Data shown ▸
Content starts
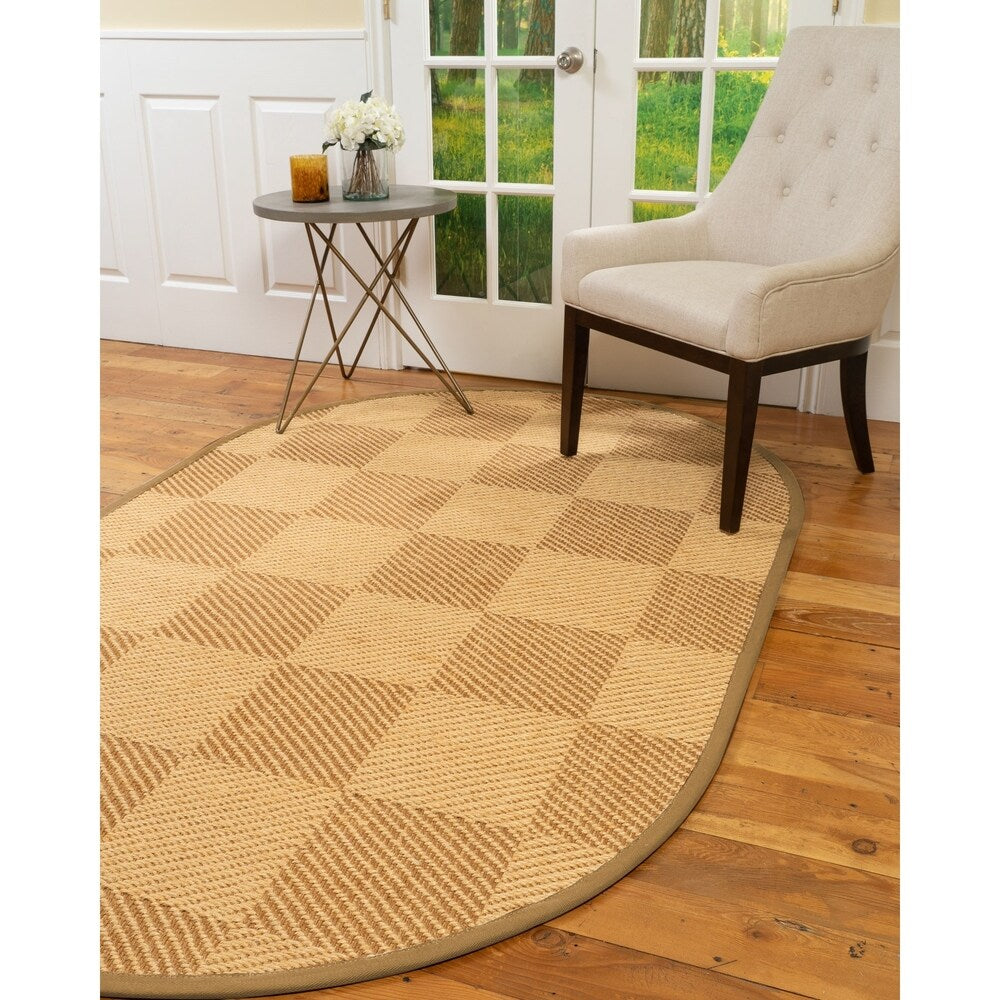 Natural Area Rugs, 100% Natural Fiber Handmade Osaka, Bronze/Gold Sisal Oval Rug (6'X9'), Khaki Border - 6' x 9' Oval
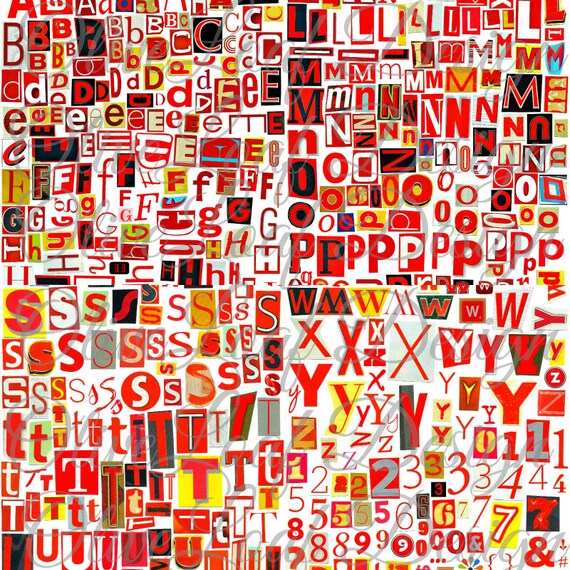 printable digital alphabet red series a to z 1 10 etsy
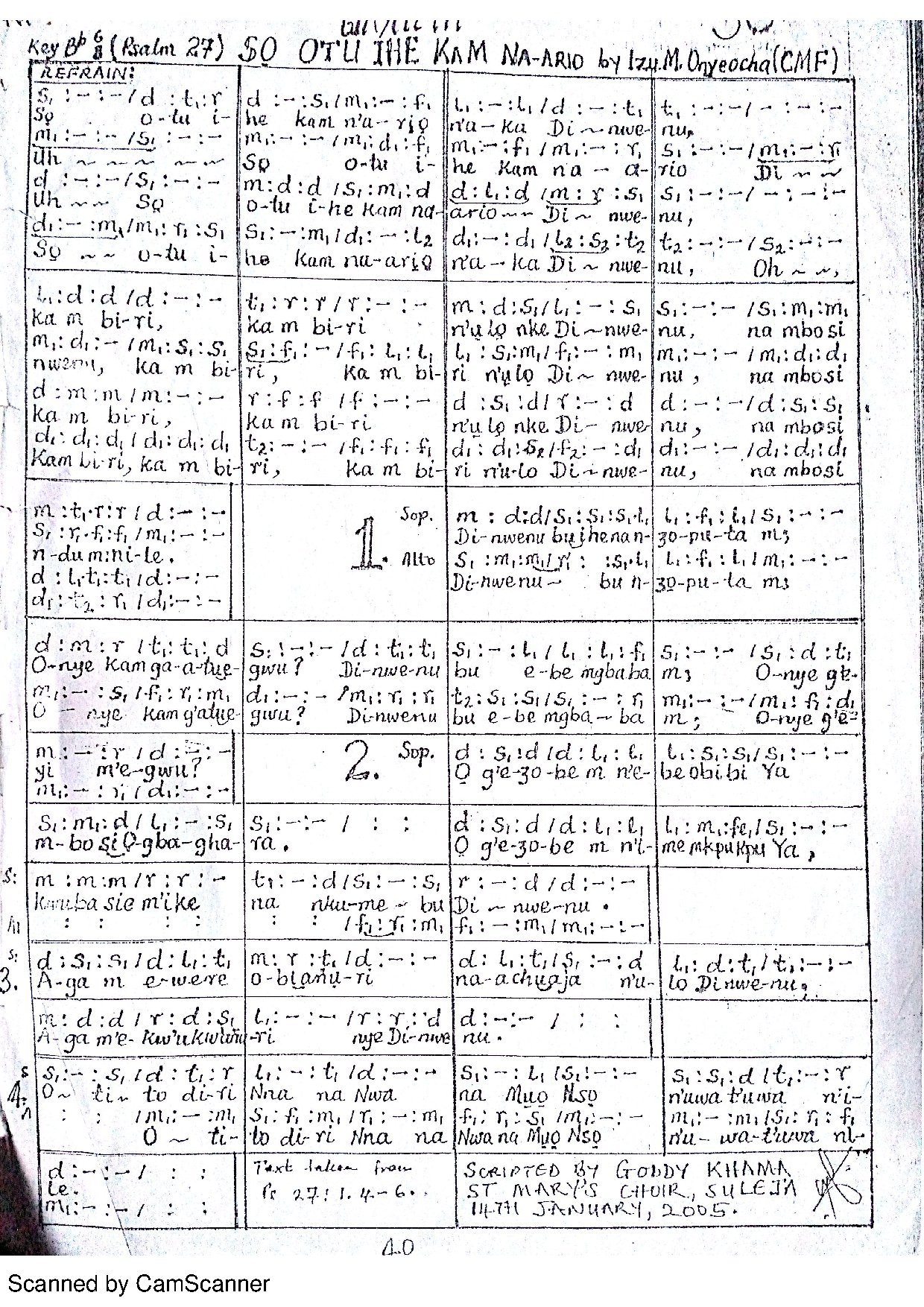 So Otu Ihe - Download Choir Script PDF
Content ends
Task to complete ▸ A word-for-word retyping of the material above is expected, without pictures.

Result below ▸
 Natural Area Rugs, 100% Natural Fiber Handmade Osaka, Bronze/Gold Sisal Oval Rug (6'X9'), Khaki Border - 6' x 9' Oval
 printable digital alphabet red series a to z 1 10 etsy
 So Otu Ihe - Download Choir Script PDF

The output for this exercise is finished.